The extent of such pro-democracy mass movements spanning the globe is historically remarkable, suggesting comparisons to 1968 — except for the fact that the U.S. seems to have missed out this time. “These comparisons are telling,” Hughes noted. “Trump and his enablers will take that silence as a free pass to proceed with their dismantling of American democracy.”

Mika answered more directly, and with more assurance. “Be informed, but don't get sucked into the political drama too far,” she said. “Do what you must, and work on equanimity. Voice your concerns, but remember that this too shall pass. Vote.”

In closing, I asked for final thoughts. Hughes raised the question of what Trump is really after.

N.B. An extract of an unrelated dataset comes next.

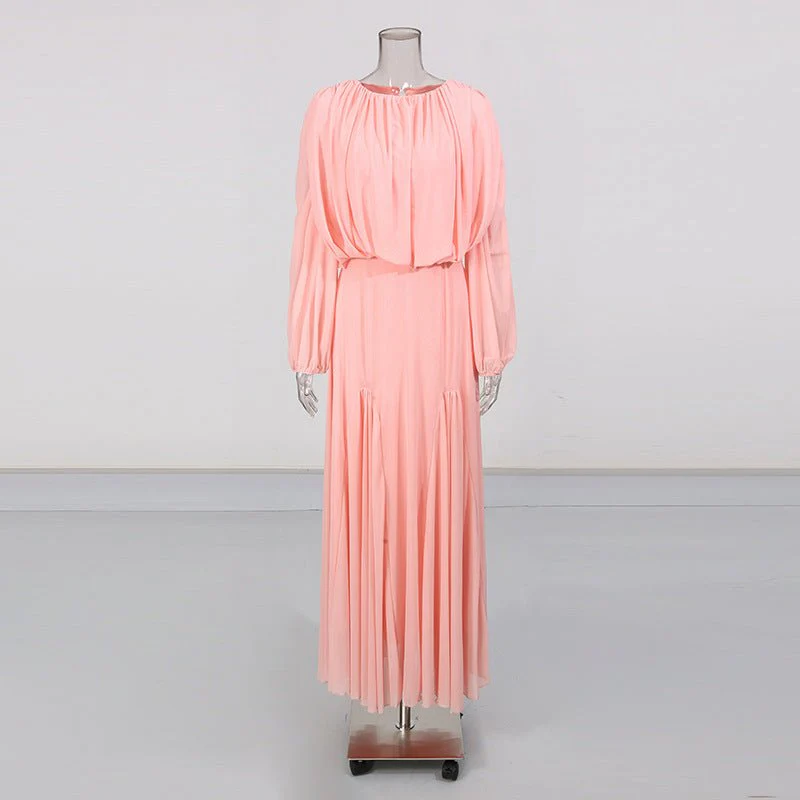 Round Neck Ruched Bodice Lantern Sleeve Floor-Length Dress(MS402) - Image 18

“History shows that the dismantling of democracy by an autocrat is not an end in itself,” he said “Rather, it is the precondition that allows the tyrant to violently impose his narcissistic vision upon society.” He ticked through a list of examples: 

For Hitler that vision was German domination of, and ethnic cleansing of, Europe. For Stalin, it was to make the Soviet Union a world power, on the backs of the slave labor camps of the Gulag and the subjugation of the population through terror. For Mao, it was to enable the endless use of revolution and violence in pursuit of his vision for China, in which, as he said, “half of China may well have to die.”

It’s chilling to realize that America could be headed somewhere similar, Hughes warned: "If we allow him to continue his attacks on U.S. democracy and the rules based international order, we may find out, to our cost, what the narcissistic fantasy of Donald J Trump, really is."

Whatever that terrifying vision may be, let's make sure we never need to know.